The KSC Education Foundation was established in 1992 by members of the Knights of the Southern Cross (WA) and aims to support faith education in the Catholic education system. This has primarily been achieved through the annual scholarships to those teaching and giving witness to the Catholic faith in the Catholic education system.
In 2019, the Foundation commenced its support of the In Altum program, a leadership development and faith formation program for students at UNDA, designed to help students develop spiritually so they can serve the Church in a meaningful way.
This year, the Foundation also offered the Grace Doctoral Scholarship for a research project that would benefit Catholic education in Western Australia.
Grace Doctoral Scholarship recipient Taylor Glass (left) with Wojciech Grzech. Photo: UNDA/Supplied.

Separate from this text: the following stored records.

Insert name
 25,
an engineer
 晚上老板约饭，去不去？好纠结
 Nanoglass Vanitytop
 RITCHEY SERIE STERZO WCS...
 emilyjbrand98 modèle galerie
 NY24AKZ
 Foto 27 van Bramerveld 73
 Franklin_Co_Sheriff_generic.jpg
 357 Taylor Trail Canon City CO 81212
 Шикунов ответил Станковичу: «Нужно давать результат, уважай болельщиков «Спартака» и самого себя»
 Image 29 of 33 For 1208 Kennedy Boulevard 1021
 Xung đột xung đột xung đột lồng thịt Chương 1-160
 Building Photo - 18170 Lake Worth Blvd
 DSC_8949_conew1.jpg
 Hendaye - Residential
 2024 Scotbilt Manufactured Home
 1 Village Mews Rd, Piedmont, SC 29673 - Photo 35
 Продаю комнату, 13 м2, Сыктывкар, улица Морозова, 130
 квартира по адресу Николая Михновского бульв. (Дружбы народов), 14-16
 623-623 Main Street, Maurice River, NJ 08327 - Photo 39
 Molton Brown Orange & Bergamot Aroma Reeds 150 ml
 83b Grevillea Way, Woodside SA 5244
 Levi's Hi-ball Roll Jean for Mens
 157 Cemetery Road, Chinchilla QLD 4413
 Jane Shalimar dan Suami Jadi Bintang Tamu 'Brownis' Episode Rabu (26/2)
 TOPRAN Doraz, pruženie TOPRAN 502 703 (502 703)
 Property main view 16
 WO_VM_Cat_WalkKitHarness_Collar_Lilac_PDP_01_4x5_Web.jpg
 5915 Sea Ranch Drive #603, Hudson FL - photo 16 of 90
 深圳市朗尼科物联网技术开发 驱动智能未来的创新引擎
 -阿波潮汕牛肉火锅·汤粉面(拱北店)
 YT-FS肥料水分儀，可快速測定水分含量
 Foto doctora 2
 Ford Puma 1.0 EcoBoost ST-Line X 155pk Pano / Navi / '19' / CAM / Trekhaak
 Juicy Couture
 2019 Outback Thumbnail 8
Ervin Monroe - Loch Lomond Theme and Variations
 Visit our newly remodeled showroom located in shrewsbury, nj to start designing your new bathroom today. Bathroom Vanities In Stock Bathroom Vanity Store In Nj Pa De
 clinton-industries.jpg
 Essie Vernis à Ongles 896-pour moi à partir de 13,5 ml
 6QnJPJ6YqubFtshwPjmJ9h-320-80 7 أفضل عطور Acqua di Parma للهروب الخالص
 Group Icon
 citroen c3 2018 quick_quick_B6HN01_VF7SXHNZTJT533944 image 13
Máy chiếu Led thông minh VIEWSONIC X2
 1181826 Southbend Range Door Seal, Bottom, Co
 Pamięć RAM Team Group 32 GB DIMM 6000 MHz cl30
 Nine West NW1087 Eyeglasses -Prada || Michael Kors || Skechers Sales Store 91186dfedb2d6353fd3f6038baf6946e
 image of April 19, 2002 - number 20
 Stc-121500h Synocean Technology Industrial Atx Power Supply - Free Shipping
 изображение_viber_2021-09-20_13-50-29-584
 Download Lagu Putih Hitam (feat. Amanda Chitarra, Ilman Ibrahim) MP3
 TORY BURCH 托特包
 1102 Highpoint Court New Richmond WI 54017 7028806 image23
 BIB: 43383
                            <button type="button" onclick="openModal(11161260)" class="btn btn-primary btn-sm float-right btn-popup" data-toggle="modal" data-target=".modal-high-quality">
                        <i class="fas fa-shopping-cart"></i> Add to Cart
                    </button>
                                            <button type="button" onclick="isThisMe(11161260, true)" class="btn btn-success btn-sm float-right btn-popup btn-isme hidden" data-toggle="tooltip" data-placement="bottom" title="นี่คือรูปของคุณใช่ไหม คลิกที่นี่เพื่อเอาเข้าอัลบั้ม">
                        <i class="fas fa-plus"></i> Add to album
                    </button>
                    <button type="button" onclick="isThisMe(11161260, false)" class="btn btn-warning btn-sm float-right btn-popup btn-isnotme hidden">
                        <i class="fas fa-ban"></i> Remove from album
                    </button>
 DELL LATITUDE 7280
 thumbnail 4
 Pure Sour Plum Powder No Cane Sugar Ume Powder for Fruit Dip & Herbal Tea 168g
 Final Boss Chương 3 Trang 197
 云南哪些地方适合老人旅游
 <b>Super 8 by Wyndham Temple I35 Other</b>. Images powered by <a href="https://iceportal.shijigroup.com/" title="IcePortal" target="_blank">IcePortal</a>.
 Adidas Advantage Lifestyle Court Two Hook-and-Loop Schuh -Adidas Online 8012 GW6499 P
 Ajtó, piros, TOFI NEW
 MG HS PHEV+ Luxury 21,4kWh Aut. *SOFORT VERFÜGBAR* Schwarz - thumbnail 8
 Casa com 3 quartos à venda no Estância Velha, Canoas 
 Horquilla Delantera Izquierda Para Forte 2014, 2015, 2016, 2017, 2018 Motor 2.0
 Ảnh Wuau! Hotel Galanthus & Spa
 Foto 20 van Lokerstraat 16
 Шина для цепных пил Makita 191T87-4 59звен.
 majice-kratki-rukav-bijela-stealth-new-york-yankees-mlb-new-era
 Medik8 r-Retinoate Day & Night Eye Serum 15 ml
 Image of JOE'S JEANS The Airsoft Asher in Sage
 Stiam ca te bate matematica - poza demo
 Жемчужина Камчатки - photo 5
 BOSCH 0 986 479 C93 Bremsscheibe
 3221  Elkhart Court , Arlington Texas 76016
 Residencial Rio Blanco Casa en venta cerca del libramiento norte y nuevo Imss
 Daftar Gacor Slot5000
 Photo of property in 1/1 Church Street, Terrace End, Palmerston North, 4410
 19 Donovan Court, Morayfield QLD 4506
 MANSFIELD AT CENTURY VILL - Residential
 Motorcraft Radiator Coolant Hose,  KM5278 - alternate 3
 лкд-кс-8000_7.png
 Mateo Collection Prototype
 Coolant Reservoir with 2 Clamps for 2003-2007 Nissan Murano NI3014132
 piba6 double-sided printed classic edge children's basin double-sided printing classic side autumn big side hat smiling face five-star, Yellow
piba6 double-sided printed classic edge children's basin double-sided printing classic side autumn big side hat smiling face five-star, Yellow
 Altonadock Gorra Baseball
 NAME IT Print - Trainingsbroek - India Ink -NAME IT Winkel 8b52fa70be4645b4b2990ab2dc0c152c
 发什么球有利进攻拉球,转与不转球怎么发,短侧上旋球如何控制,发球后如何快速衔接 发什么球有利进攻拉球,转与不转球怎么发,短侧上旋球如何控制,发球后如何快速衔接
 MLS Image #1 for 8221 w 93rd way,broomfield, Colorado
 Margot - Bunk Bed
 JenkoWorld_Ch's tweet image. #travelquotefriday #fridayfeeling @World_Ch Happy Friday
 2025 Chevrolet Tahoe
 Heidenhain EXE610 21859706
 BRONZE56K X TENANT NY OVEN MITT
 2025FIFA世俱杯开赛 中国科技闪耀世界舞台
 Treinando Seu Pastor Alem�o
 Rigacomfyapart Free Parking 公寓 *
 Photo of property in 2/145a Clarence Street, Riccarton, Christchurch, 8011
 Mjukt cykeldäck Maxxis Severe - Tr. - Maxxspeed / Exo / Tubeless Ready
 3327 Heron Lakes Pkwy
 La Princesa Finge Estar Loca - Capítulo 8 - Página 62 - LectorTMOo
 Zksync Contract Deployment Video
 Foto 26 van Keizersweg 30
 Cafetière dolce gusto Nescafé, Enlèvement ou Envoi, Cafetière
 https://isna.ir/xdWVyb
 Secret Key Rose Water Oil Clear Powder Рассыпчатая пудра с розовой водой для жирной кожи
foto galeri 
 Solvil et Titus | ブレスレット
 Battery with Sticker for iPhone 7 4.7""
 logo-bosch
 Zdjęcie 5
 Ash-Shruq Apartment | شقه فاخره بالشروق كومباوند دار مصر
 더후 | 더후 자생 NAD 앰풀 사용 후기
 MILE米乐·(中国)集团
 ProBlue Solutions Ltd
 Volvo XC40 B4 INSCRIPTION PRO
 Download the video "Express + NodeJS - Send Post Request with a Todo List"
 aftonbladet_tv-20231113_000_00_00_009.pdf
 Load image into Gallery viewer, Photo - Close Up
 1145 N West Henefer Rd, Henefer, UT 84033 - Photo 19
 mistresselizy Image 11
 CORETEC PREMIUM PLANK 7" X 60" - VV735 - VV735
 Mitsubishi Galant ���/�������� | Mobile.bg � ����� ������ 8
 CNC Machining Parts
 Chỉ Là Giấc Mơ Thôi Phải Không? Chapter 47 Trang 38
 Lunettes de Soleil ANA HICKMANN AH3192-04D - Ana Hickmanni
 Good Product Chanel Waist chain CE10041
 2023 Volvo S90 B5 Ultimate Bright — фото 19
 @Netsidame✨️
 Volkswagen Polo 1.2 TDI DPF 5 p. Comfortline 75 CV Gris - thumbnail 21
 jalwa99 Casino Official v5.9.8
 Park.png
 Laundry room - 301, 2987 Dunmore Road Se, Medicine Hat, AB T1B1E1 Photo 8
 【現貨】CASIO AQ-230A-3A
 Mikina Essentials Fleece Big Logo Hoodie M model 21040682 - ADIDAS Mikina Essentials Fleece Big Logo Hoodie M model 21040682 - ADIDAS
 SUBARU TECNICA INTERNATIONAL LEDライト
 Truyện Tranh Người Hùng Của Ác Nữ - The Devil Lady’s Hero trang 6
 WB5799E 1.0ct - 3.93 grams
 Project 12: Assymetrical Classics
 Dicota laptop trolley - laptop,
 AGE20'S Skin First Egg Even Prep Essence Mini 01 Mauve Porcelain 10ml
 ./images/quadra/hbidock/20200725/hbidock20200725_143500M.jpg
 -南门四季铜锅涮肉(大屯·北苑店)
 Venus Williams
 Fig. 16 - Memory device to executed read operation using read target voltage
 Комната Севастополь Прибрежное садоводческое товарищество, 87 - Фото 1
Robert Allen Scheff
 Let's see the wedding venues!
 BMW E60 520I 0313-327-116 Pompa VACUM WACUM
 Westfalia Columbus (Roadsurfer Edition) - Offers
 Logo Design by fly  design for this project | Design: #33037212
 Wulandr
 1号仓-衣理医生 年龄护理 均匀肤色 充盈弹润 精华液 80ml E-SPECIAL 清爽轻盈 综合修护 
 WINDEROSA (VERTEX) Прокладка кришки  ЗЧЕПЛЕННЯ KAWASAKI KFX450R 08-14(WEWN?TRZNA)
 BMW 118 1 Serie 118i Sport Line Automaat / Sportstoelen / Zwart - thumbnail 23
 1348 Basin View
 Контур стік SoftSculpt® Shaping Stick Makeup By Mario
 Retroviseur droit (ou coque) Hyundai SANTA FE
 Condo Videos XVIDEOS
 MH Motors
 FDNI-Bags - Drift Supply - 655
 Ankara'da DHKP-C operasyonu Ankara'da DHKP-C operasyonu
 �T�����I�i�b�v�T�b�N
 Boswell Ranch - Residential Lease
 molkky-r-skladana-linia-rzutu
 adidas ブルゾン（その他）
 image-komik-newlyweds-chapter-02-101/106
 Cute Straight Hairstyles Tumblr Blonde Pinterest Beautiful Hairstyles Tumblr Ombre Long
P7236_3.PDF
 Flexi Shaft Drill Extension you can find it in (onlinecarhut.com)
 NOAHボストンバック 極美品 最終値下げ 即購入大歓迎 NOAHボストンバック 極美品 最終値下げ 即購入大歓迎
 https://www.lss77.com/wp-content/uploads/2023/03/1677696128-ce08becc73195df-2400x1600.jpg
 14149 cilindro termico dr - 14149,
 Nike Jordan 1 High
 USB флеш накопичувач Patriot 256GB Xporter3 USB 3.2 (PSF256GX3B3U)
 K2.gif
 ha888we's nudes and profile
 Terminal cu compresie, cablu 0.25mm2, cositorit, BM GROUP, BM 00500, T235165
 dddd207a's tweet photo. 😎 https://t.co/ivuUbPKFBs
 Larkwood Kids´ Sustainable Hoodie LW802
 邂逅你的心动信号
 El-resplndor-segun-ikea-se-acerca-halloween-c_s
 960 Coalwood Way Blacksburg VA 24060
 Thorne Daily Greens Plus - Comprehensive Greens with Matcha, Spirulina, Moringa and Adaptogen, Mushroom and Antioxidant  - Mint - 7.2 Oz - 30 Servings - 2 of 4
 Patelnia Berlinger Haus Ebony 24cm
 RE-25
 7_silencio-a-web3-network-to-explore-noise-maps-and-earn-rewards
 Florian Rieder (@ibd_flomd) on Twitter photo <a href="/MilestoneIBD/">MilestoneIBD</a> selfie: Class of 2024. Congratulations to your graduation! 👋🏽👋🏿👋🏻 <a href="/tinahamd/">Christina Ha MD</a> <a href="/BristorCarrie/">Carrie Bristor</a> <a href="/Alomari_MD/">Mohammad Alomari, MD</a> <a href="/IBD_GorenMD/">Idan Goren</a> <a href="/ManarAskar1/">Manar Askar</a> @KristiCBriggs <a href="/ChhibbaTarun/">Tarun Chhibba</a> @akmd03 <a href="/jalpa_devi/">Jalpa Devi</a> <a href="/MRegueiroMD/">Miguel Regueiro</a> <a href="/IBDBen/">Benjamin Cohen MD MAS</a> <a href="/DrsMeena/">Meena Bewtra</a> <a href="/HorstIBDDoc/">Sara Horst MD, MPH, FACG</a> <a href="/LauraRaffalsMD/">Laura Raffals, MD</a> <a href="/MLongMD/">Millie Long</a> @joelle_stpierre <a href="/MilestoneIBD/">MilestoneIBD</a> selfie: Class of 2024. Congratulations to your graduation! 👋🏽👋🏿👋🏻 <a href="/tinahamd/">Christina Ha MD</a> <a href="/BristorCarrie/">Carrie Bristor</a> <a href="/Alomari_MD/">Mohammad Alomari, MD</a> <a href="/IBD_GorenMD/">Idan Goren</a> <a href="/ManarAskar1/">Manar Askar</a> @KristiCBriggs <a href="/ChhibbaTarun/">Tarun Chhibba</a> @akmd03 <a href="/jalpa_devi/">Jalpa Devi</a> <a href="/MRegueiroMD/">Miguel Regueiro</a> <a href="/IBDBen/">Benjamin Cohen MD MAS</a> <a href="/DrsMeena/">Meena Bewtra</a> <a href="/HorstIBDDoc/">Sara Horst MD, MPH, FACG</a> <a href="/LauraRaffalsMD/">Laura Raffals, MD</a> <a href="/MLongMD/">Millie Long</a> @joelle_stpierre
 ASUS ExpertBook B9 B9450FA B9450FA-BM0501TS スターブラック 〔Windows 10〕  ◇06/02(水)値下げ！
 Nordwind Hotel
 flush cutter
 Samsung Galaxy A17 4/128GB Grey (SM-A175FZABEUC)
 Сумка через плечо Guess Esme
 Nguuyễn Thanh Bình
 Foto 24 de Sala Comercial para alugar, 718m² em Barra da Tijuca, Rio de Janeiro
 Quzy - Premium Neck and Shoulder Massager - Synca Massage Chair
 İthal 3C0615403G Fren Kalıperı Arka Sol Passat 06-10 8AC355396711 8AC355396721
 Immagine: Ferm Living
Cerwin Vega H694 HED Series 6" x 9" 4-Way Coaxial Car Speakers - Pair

In his speech for the occasion, Archbishop Costelloe drew reference to the convening of the 2012 Year of Grace, explaining that it was conceived as an invitation to the whole Church in Australia to go on an extended retreat.
“The concept [of the Year of Grace] was based on two key principles which I am convinced remain central to the ongoing work of implementing the decrees of the Plenary Council,” Archbishop Costelloe explained.
“The first was that the challenges, difficulties and opportunities facing the Church in Australia were so many and so complex that, in order to begin to address them properly as disciples of Jesus, we needed to pause, reflect, and rediscover the basics of our Christian faith as we live it and believe it within the Catholic Community.
In a sense, highlighted Archbishop Costelloe, it was an invitation to do what the Second Vatican Council had taught: to come to grips with what Vatican II called the hierarchy of truths – to rediscover, in other words, what is most central to our identity as Catholics and to re-evaluate everything in the light of that.
The second key principle, he continued, flowed on from the first.
Knights of the Southern Cross WA Executive Officer John Walczak with UNDA Vice Chancellor Professor Francis Campbell, KSC Education Foundation Chair Wojciech Grzech and UNDA Chancellor Chris Ellison. Photo: UNDA/Supplied.
“It is the recognition that the most central aspect of our identity as Catholics is that we are disciples of Jesus Christ.
The bishops saw in the letter, Novo Millennio Ineunte, which Pope Saint John Paul II wrote to guide the Church as it entered the third millennium, explained Archbishop Costelloe the key to this.
“Pope John Paul II is speaking of the fundamental task of the Church.
“He asks a very important question and then makes a very bold statement. The question, a rhetorical one, is this: Is it not the Church’s task to reflect the light of Christ in every historical period, to make his face shine also before the generations of the third millennium? The bold and even confronting assertion which follows is this: Our witness, however, would be hopelessly inadequate if we ourselves had not first contemplated his face.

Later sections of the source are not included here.